Religion
- Affiliation: Islam
- Ecclesiastical or organizational status: Mosque
- Status: Active

Location
- Location: Hamar Weyne, Mogadishu, Banaadir
- Country: Somalia

Architecture
- Type: Mosque

= Twin Mosques =

Mosque in Mogadishu, Somalia

The Twin Mosques (Masaajidka Mataanaha), formerly known as the Aw Mukhtar Mosque and as the Aw Sheikh Omar Mosque, is a large consolidated mosque, located in the historical Hamar Weyne district of Mogadishu, Banaadir in Somalia.

== Overview ==
The historical Hamar Weyne district contains approximately 25 small mosques.
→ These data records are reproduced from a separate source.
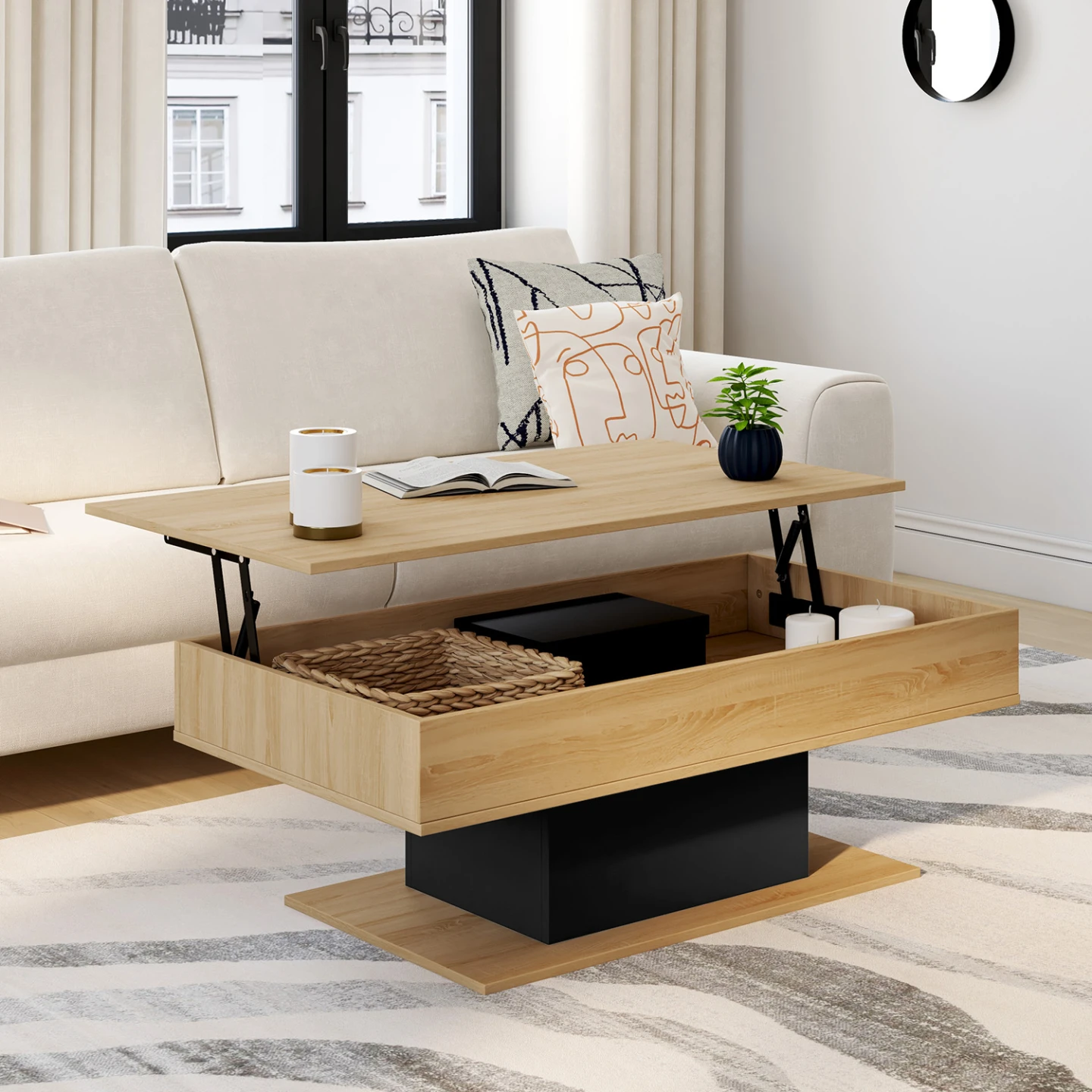 Table basse plateau relevable rectangulaire EDEN bois et noir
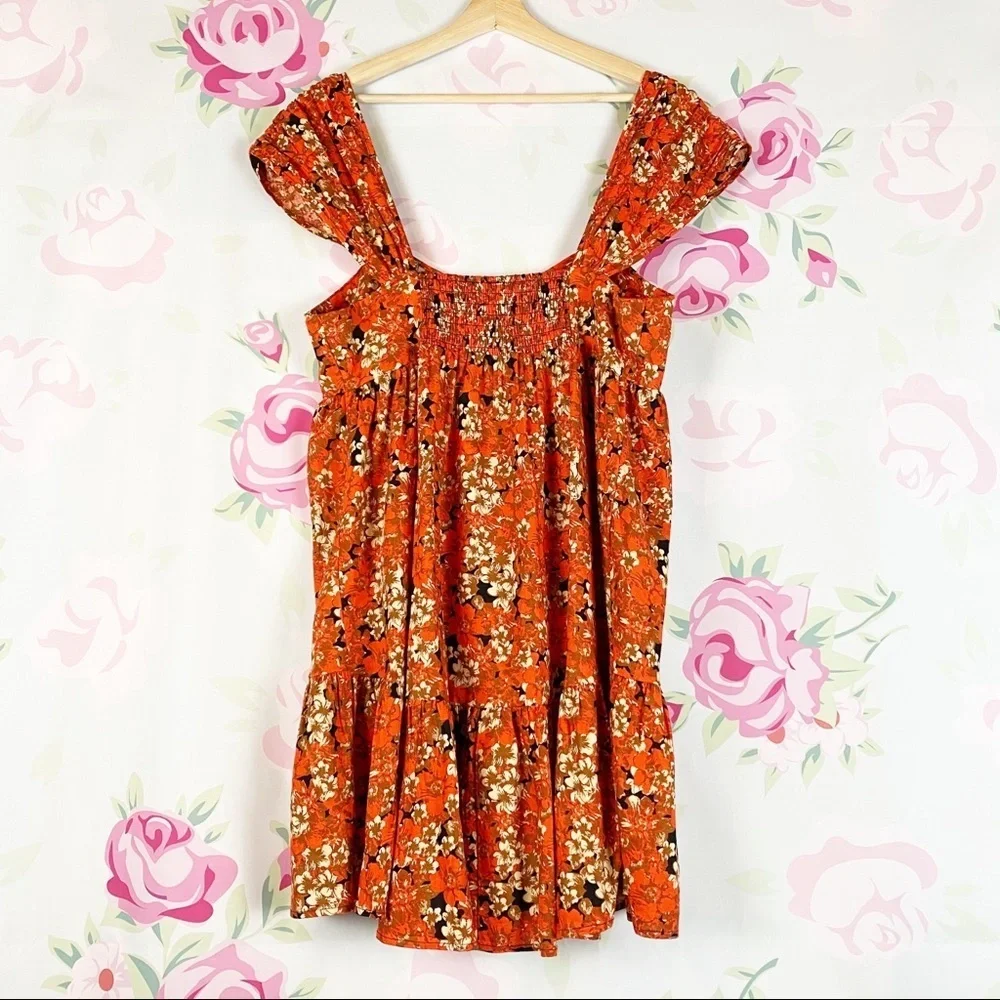 NEW Free People Orange Floral Pattern Play Linen Mini Dress L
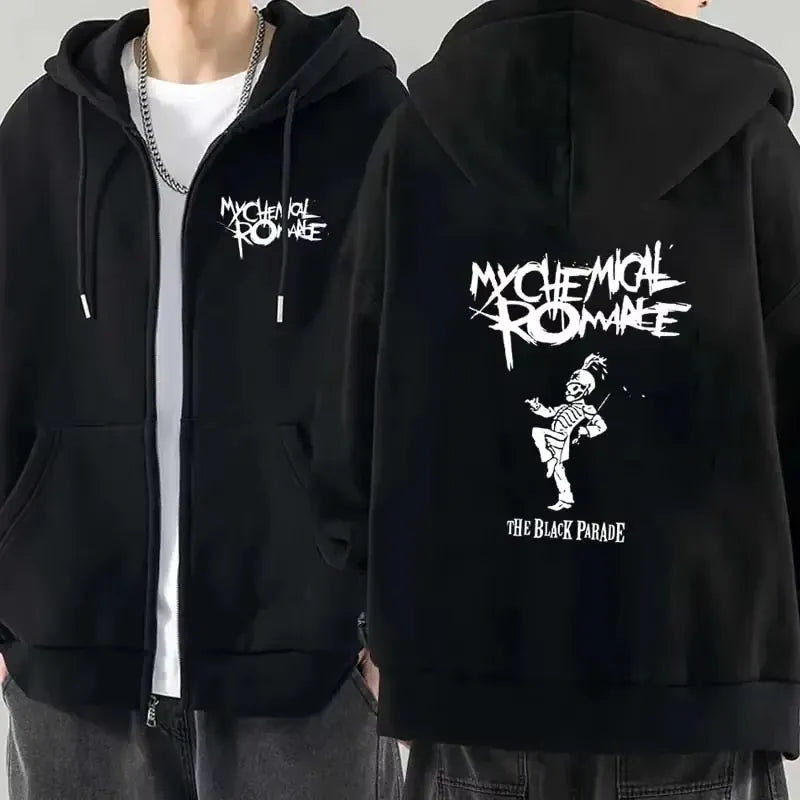 Women's Gothic Zip-Up Hoodie | Shop Wahooly Women Fashion Hoodie Jacket Coat My Chemical Romance Band (MCR) Dead Zip Hoodie Top Loose Black Parade Punk Gothic Rock Zip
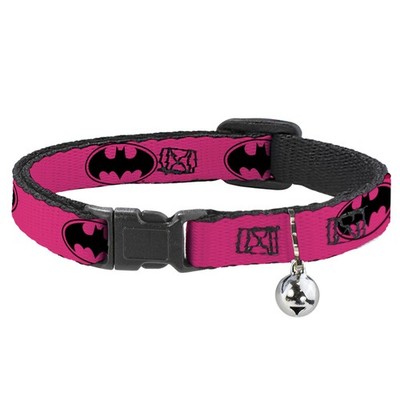 Cat Collar Breakaway with Bell Bat Signal-3 Fuchsia/Black/Fuchsia NA (US IMPORT)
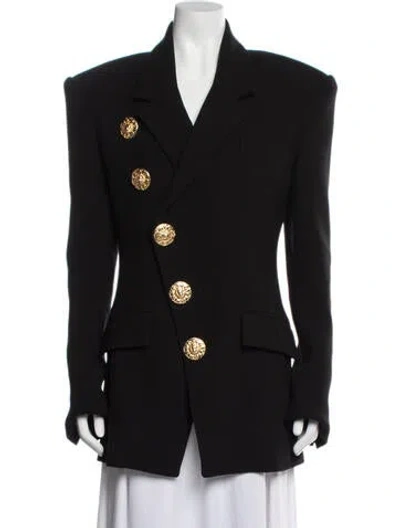 Pre-owned Balmain Virgin Wool Two-piece Blazer In Black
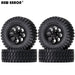 4PCS 1.55" 78*25mm 1/10 Crawler Beadlock Wheels Set (Metaal+Rubber) Band en/of Velg New Enron BLACK 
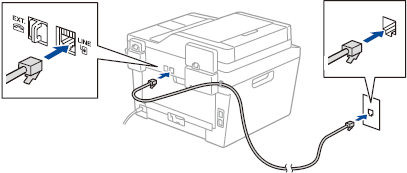 Connect the telephone line cord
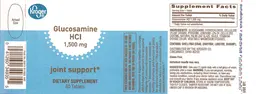 Label for Glucosamine HCl 1,500 mg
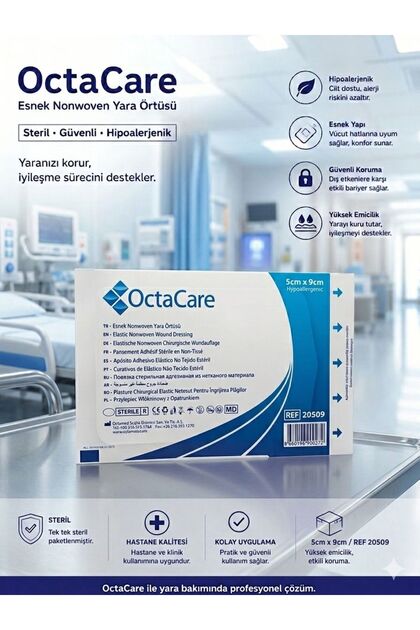 Hipoalerjenik Esnek Steril Nonwoven Yara Örtüsü 5cm x 9cm 10 Adet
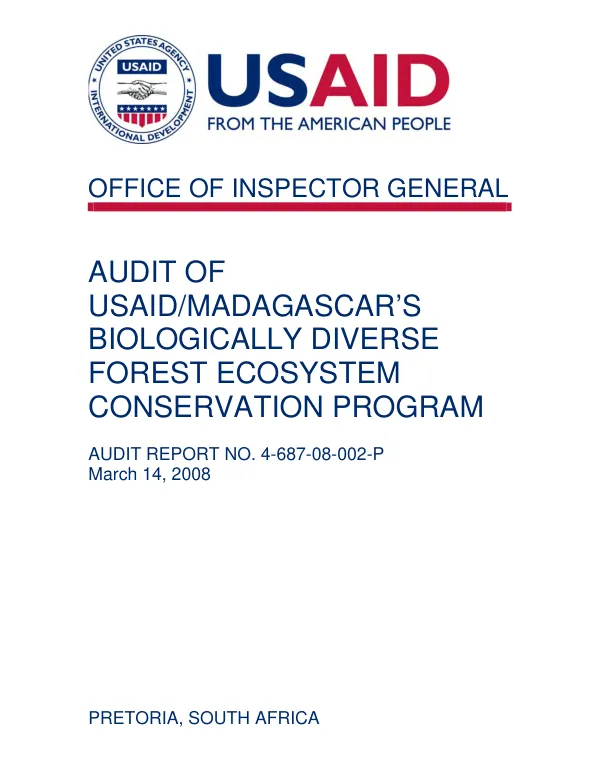 Audit of USAID/Madagascar"s biologically diverse forest ecosystem conservation program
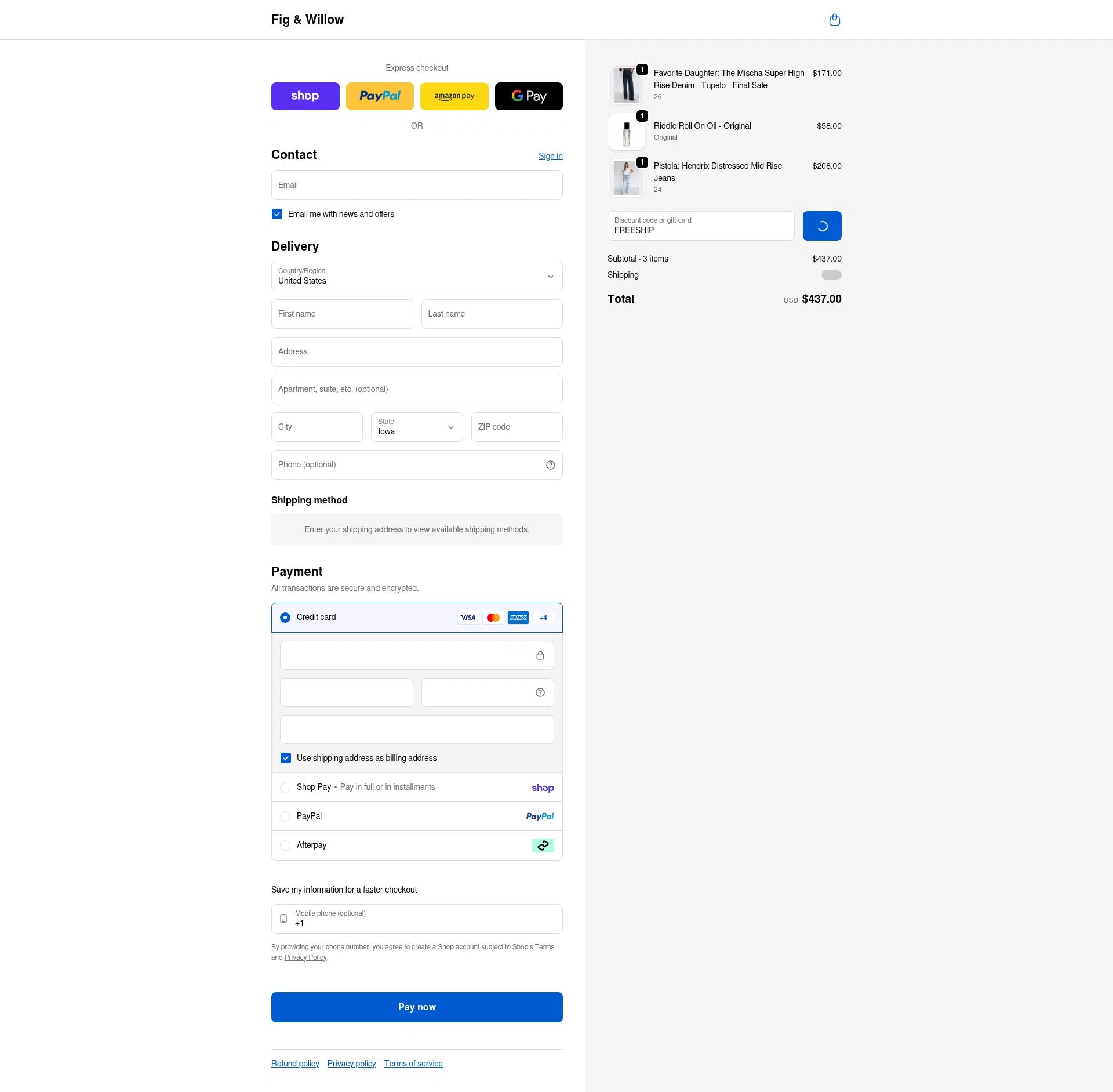 Fig & Willow checkout page showing Fig & Willow promo code box | Screenshot taken by SimplyCodes community member on Feb 3, 2026
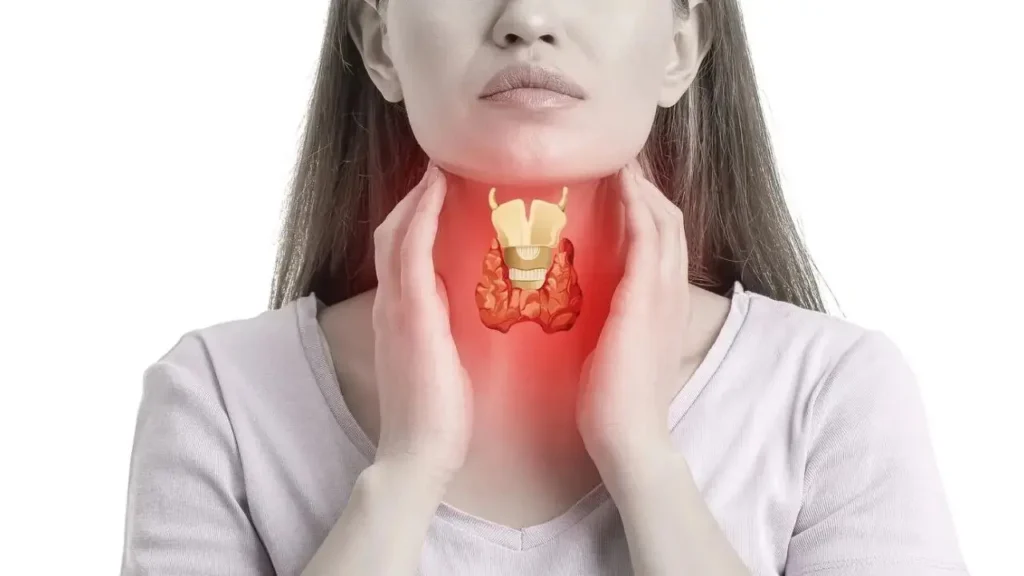 गर्दन में थायरॉइड ग्रंथि का चित्र—महिला गले को पकड़कर असहजता दिखा रही है, लाल चमक सूजन/दर्द का संकेत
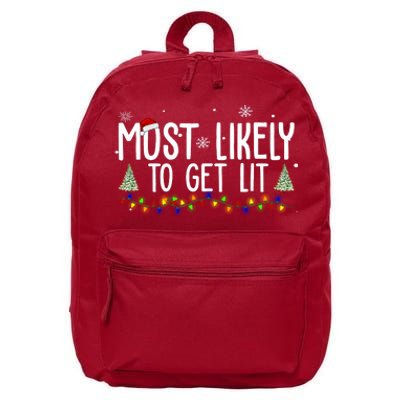 Most Likely To Get Lit Funny Christmas 16 in Basic Backpack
The Twin Mosques, up until recently, comprised two separate mosques: the Aw Muqtaar Mosque and the Aw Sheikh Omar Mosque. The Aw Muqtaar Mosque was rumoured to have existed around 700 years ago, according to local elders. The Aw Sheikh Omar Mosque was a more recently established mosque and existed for approximately 200 years, prior to consolidation of the two mosques.

The two mosques had features that may be unique to the Islamic world where they both shared the same sahn and the same wudu for ritual ablution. Prior to consolidation, the mosques had two separate imams along with two prayer rooms facing each other. Prayers would be done concurrently.